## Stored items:
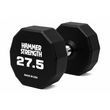 Hammer Strength urethane dumbbell, FN series, 2.5&ndash;50 kg
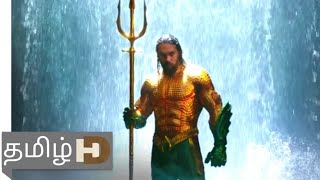 Aquaman 2018  The One King  Tamil Dubbed Scene  810  Movieclips Tamil [upl. by Suaeddaht]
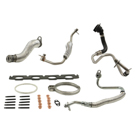 2019 Bmw X3 Turbocharger Mounting Kit 3
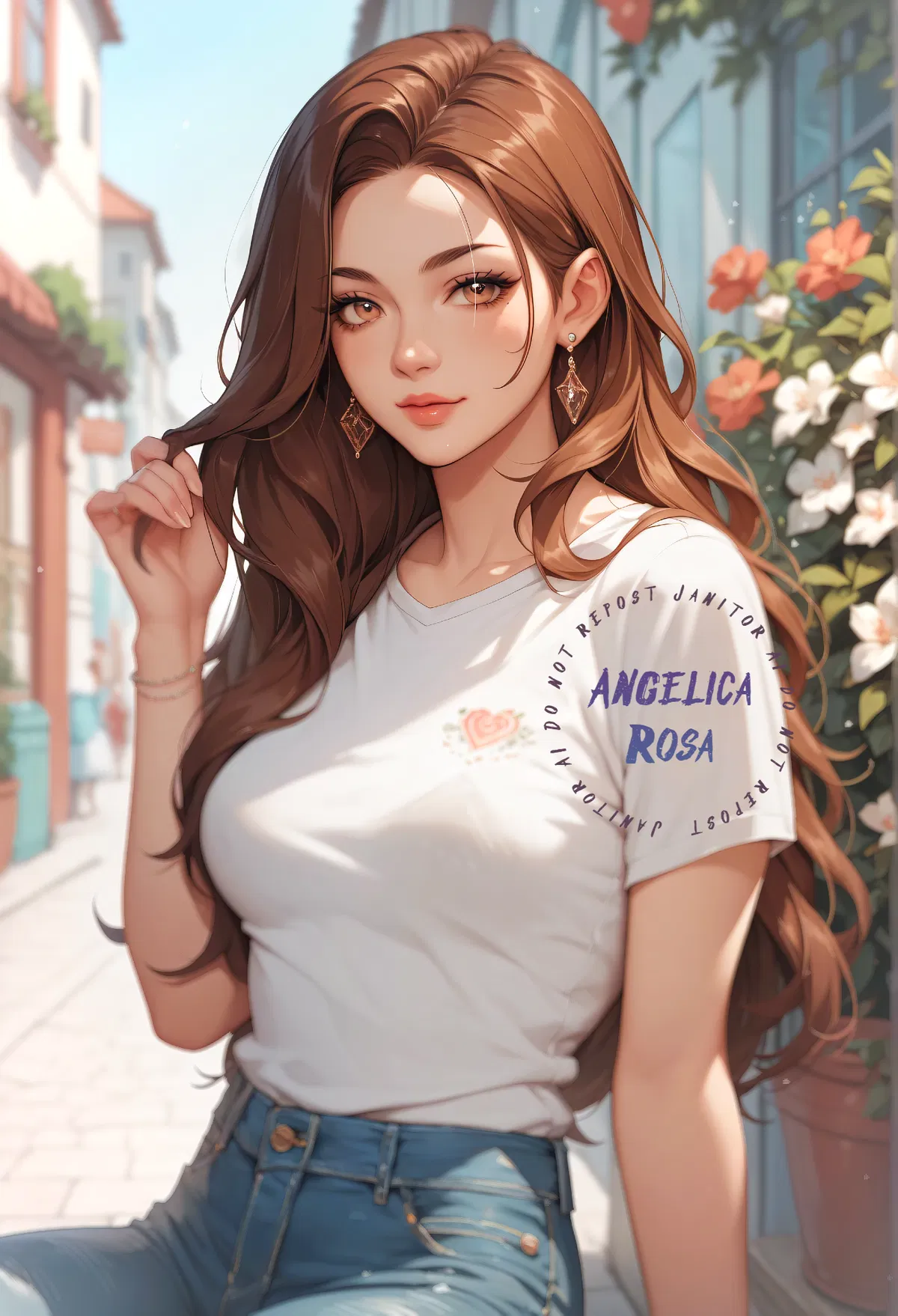 Avatar of Jessica || Secret lovers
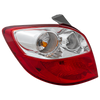MATRIX 09-14 TAIL LAMP LH, Assembly - CAPA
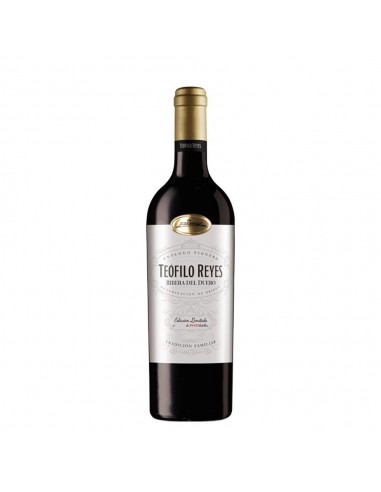 Teofilo Reyes Edición Limitada 2021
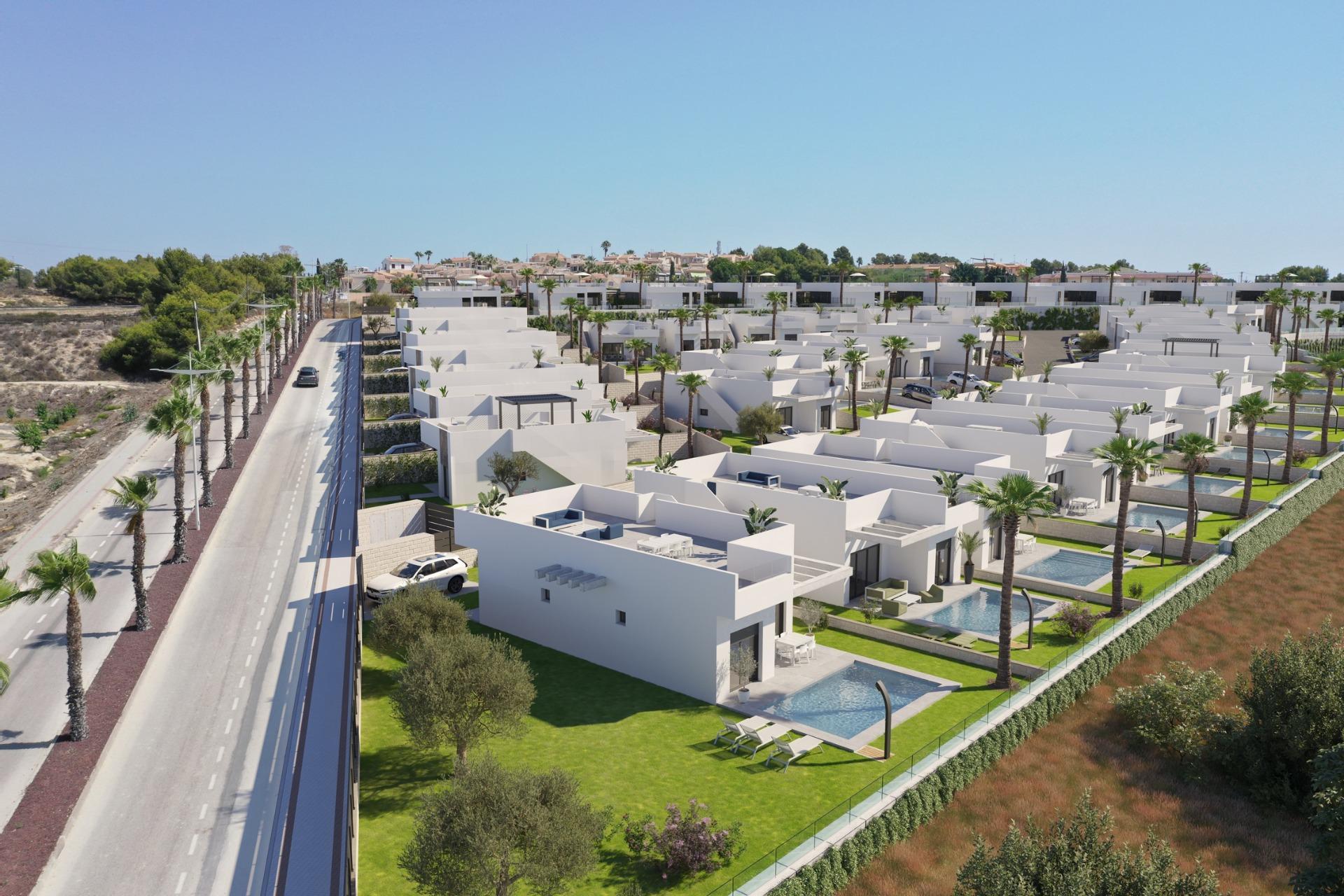 Venta de villa en Algorfa
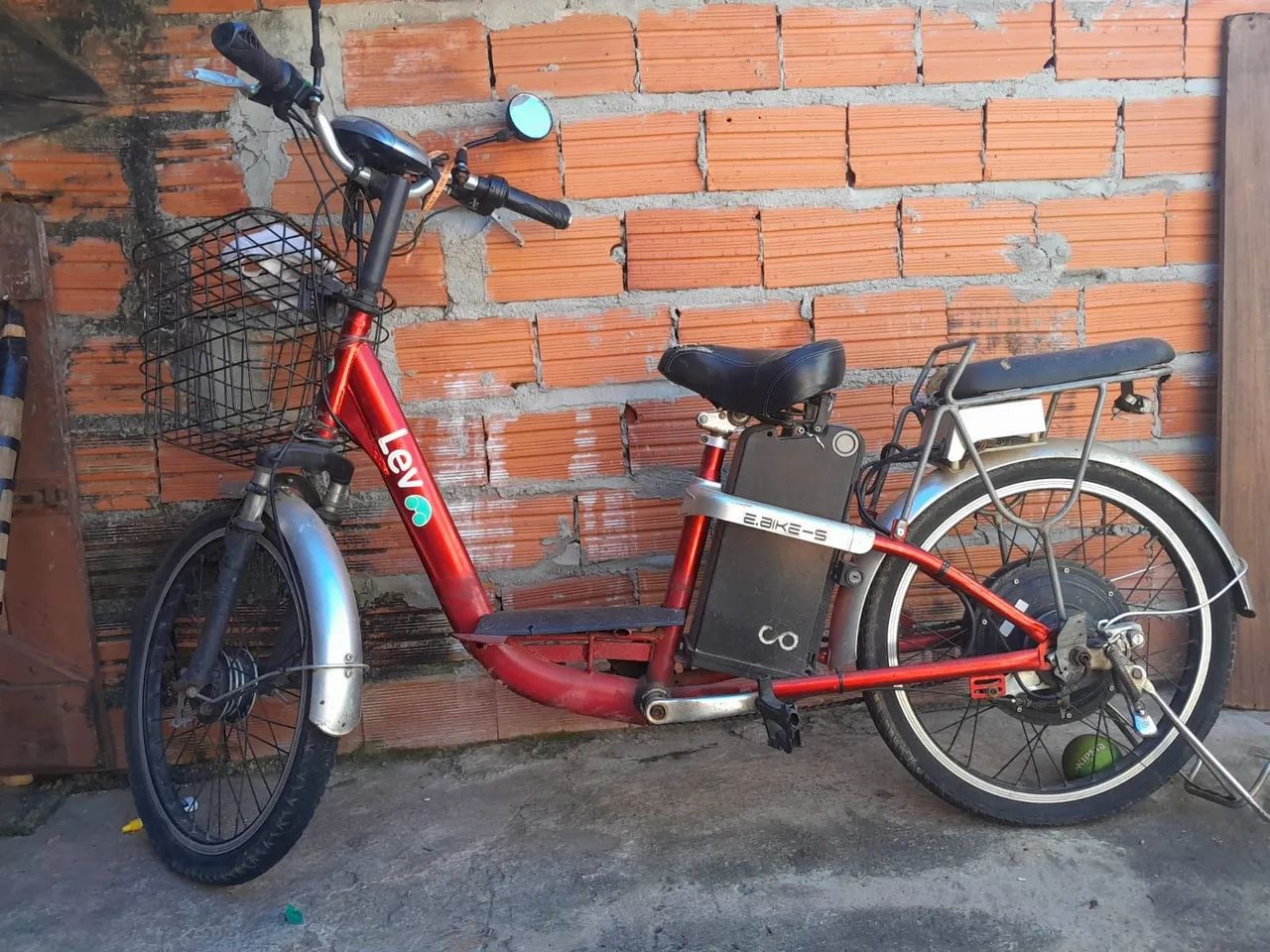 Bicicleta Elétrica Lev E-Bike S - Foto 2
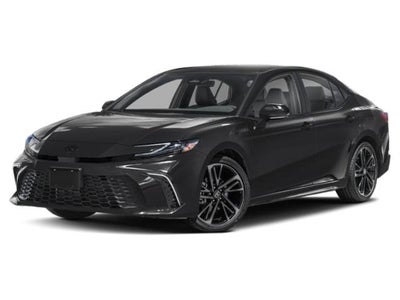 2026 Toyota Camry XLE AWD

## Task item:
Each line from the one that holds "Venta de villa en Algorfa" through the final line of the data must be retyped exactly; the pictures must not appear.

## Solution below:
 Venta de villa en Algorfa
 Bicicleta Elétrica Lev E-Bike S - Foto 2
 2026 Toyota Camry XLE AWD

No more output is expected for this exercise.